Il suit de l’ensemble des considérations qui précèdent qu’à défaut de justification du caractère de l’urgence invoqué à la base du règlement grand-ducal du 26 mai 2000, celui-ci a été pris en violation de l’article 2, paragraphe (1), alinéa 1er de la loi précitée du 12 juillet 1996.
L’illégalité du règlement grand-ducal du 26 mai 2000 ayant ainsi été constatée par le tribunal, il doit être déclaré inapplicable en l’espèce.
Il s’ensuit que les décisions du bourgmestre de la commune de Rosport des 26 août 2004, 16 novembre 2004 et 23 mars 2005, dans la mesure où elles se sont exclusivement motivées par ledit règlement grand-ducal, doivent être annulées.
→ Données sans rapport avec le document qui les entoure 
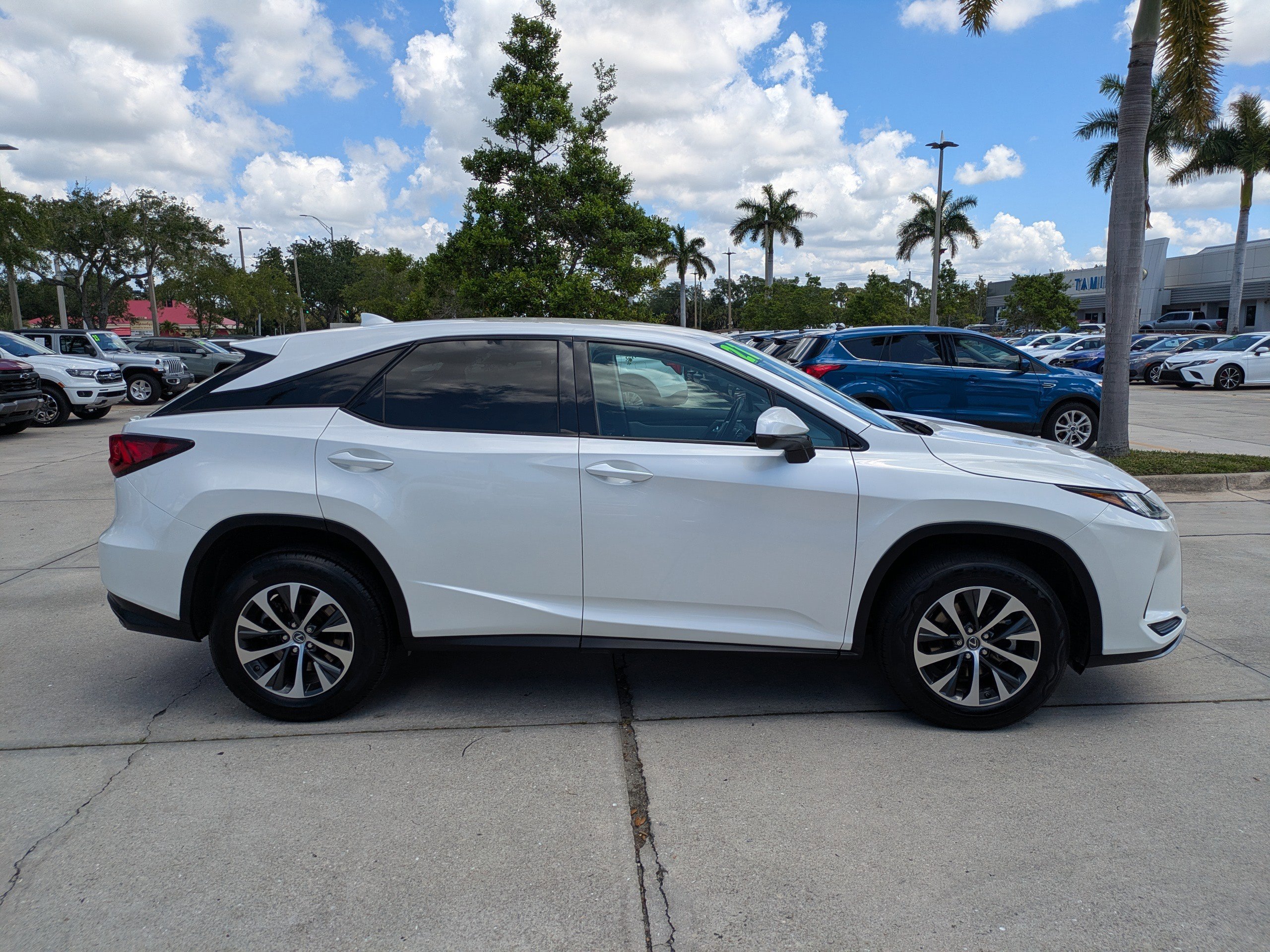 Used 2021 Lexus RX 350 FWD w/ Accessory Package image 3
Par ces motifs, le tribunal administratif, première chambre, statuant à l’égard de toutes les parties ;
reçoit le recours en annulation en la forme ;
déclare le recours en annulation justifié, partant annule les décisions du bourgmestre de la commune de Rosport des 26 août 2004, 16 novembre 2004 et 23 mars 2005 ;
condamne l’administration communale de Rosport aux frais.
Ainsi jugé par :
M. Georges Ravarani, président, Mme Lenert, vice-président, Mme Lamesch, premier juge, et lu à l’audience publique du 26 avril 2006 par le vice-président, en présence de M. Schmit, greffier en chef.